Arm’s length principle and role of the OECD Guidelines
Egyptian authorities acknowledge and use the OECD Transfer Pricing Guidelines as the main reference. The Egyptian Transfer Pricing Guidelines, issued by Ministerial Decree No. 547 of 2018, adopt the OECD Guidelines as the internationally accepted standard and advise taxpayers to consult them for a more detailed treatment. The Egyptian guidance notes the need to update the local guidelines to reflect BEPS Actions 8–10 and the OECD Guidelines amendments published in January 2022.
Definition of related parties
The domestic definition of related parties is set out in Article 1 of the Executive Regulations of the Unified Tax Procedure Law No. 206 of 2020, issued by Ministerial Decree No. 286 of 2021. A “related party” is any person having a relationship with a taxpayer that affects, directly or indirectly, through management, control or ownership, the determination of the tax base. Two persons are deemed related if the relationship allows one or both to act according to the directions, requests, proposals, or will of the other or a third party. Explicitly included are: spouses, ascendants and descendants; partnerships and their general and limited partners; capital associations and any person owning, directly or indirectly, at least 50% of voting rights, management, dividends or capital rights; and two or more companies in which another person owns or acquires at least 50% of voting rights, management or dividend/capital rights. When applying items 2, 3 or 4, ownership assigned to a person by a related party must not be reassigned to another related party.

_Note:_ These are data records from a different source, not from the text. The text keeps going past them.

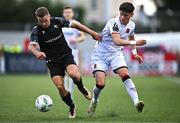 20 July 2023; Jamie Coombes of FC Bruno's Magpies and Ryan O'Kane of Dundalk during the UEFA Europa Conference League First Qualifying Round 2nd Leg match between Dundalk and FC Bruno's Magpies at Oriel Park in Dundalk, Louth. Photo by Ben McShane/Sportsfile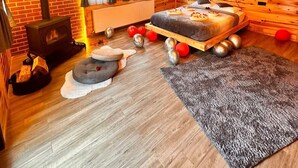 Een gezellig houten kamer ingericht in chaletstijl, met een bed, een open haard en een rustieke houten inrichting.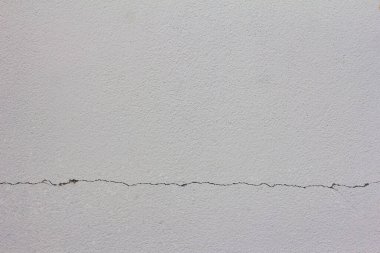 Altında çatlak olan beyaz beton duvar, arka planda boşluk, arka plan ve tasarım için çimento dokusu.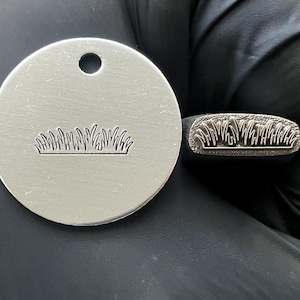 Puede incluir: Una etiqueta redonda de metal plateado con un diseño de hierba y un agujero en la parte superior. Un sello de metal con el mismo diseño de hierba está al lado de la etiqueta. El diseño de la hierba es una serie de líneas curvas.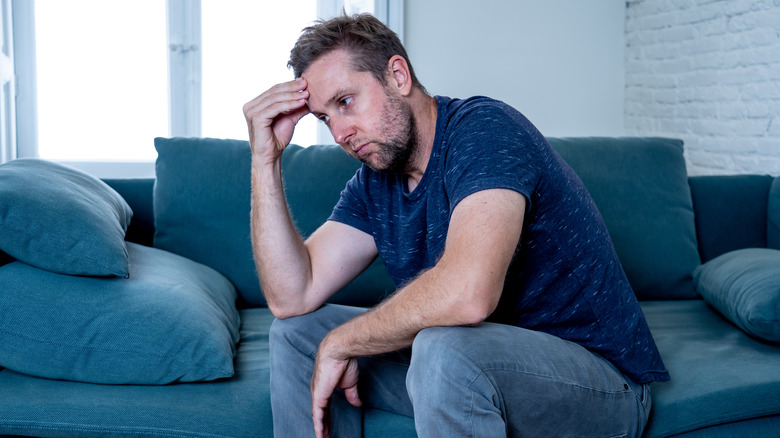 a despondent man in a waiting room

Mere employment or client relationships do not by themselves create related-party status unless they affect the tax base.

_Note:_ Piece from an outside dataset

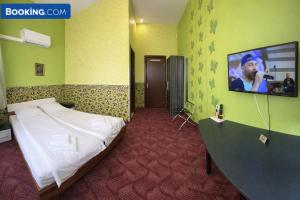 a bedroom with a bed and a tv on the wall at Комплекс Кремена in Kremena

Methods and selection criteria
Transfer pricing methods are listed in Article 39 of the Executive Regulations to the Income Tax Law No. 91 of 2005 and elaborated in “Chapter 4: Pricing Methods” of the Egyptian Transfer Pricing Guidelines (Ministerial Decree No. 547 of 2018). The five classic OECD methods—Comparable Uncontrolled Price (CUP), Resale Price, Cost Plus, Transactional Net Margin Method (TNMM) and Profit Split—are explicitly recognized. The Guidelines also reference Global Formulary Apportionment as an alternative to the arm’s length principle. For method selection the Egyptian guidance follows the “most appropriate method” approach (Section 2.3.2 of the Egyptian Transfer Pricing Guidelines) rather than a strict hierarchical ordering.
Comparability and arm’s length ranges
Egypt follows the OECD comparability framework as set out in Chapter III of the OECD Guidelines. There is a preference for domestic comparables: when the tested party is Egyptian, Egyptian comparables should be sought first; if unavailable, regional comparables from the Middle East and Africa should be considered, and only if those are not available should global comparables be used (Section 5.7.3.1 of the Egyptian Transfer Pricing Guidelines). The ETA does not use secret comparables. The use of arm’s length ranges and statistical measures is permitted under “Chapter 2: Practical Application of the Arm’s Length Principle” of the Egyptian Transfer Pricing Guidelines. Comparability adjustments are required and applied in line with the OECD approach, as set out in “Chapter 4: Pricing Methods” of the Egyptian Transfer Pricing Guidelines.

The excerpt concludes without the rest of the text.